Scope of work: get the specifics in writing
The scope section is where vague contracts fail homeowners. It should describe, in detail, what’s being demolished, what’s being installed, and the specific materials involved — not just "tile shower" but the brand, model, dimensions, and finish of the tile, fixtures, and vanity being used. If your estimate was based on a set of drawings or a materials list, that document should be incorporated into the contract by reference, not left as a separate piece of paper that could quietly drift from what actually gets built.
A written start date and a projected completion date belong here too, along with a clear line for what’s explicitly excluded from the bid. Two contractors bidding the "same" project can produce very different numbers because one bid excludes something the other includes — the exclusions list is how you catch that before you sign, not after the first invoice.
Fixed price vs. allowances: know which one you’re signing
A fixed-price contract locks in a single total for the defined scope — if every material and finish has already been chosen, this is the more predictable option. An allowance is different: it’s a placeholder dollar figure written into the contract for something you haven’t picked yet, most often tile, a vanity, lighting, or plumbing fixtures. If your final selection costs more than the allowance, you owe the difference; if it costs less, the contract price should be credited downward by the same amount.
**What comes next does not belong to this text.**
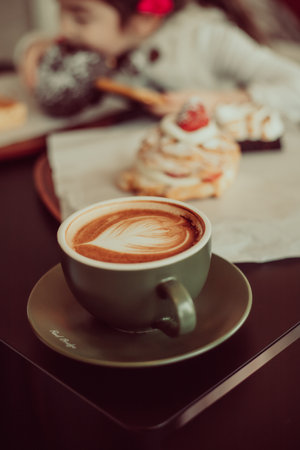 A close-up shot of a cup of fresh cappuccino with heart foam and a sweet pastry on the tableの写真素材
Allowances aren’t a red flag by themselves — they’re often unavoidable if you haven’t finalized every finish before signing. What matters is that the contract states each allowance amount specifically, tied to a specific item, rather than a single vague "materials allowance" covering several categories at once. Ask directly whether the allowance is based on the contractor’s actual cost or already includes markup, since that changes what a credit for choosing a cheaper item should look like.
Payment schedule: tied to milestones, not paid upfront
This Old House’s guidance on hiring a contractor lays out a payment structure worth using as a benchmark: roughly 10% at signing, three progress installments of about 25% each tied to project phases, and a final 15% held until the work is complete. The exact percentages can vary by project and contractor, but the underlying principle shouldn’t: payments should follow completed work, not precede it, and a large share of the total should remain outstanding until the punch list is done.
A request for most of the money before work begins is one of the more reliable warning signs in this entire process. If a contractor needs a larger deposit to purchase custom materials up front, that’s a reasonable ask — but it should be stated as such, tied to a specific material cost, rather than framed as a standard deposit.
What Boise Bath puts in writing
Every Boise Bath contract states scope, price type, payment milestones, and warranty terms in writing before work begins — including the 3-year workmanship warranty described below. See our full warranty coverage.

Change orders: written and approved before the new work starts
Older homes especially tend to reveal surprises once walls open — that isn’t a reason to skip the change-order process, it’s the reason it exists. A change order should describe the added or changed work, its cost, and any effect on the schedule, and it should be signed by both you and the contractor before that work begins, not settled informally at the end of the project. This Old House’s contractor-hiring guidance is direct that any change to price or scope should be documented in writing as it happens.
If a contractor tells you not to worry about paperwork for a small change, that’s worth pausing on — the changes that get skipped on paper are exactly the ones that turn into disputes over the final invoice.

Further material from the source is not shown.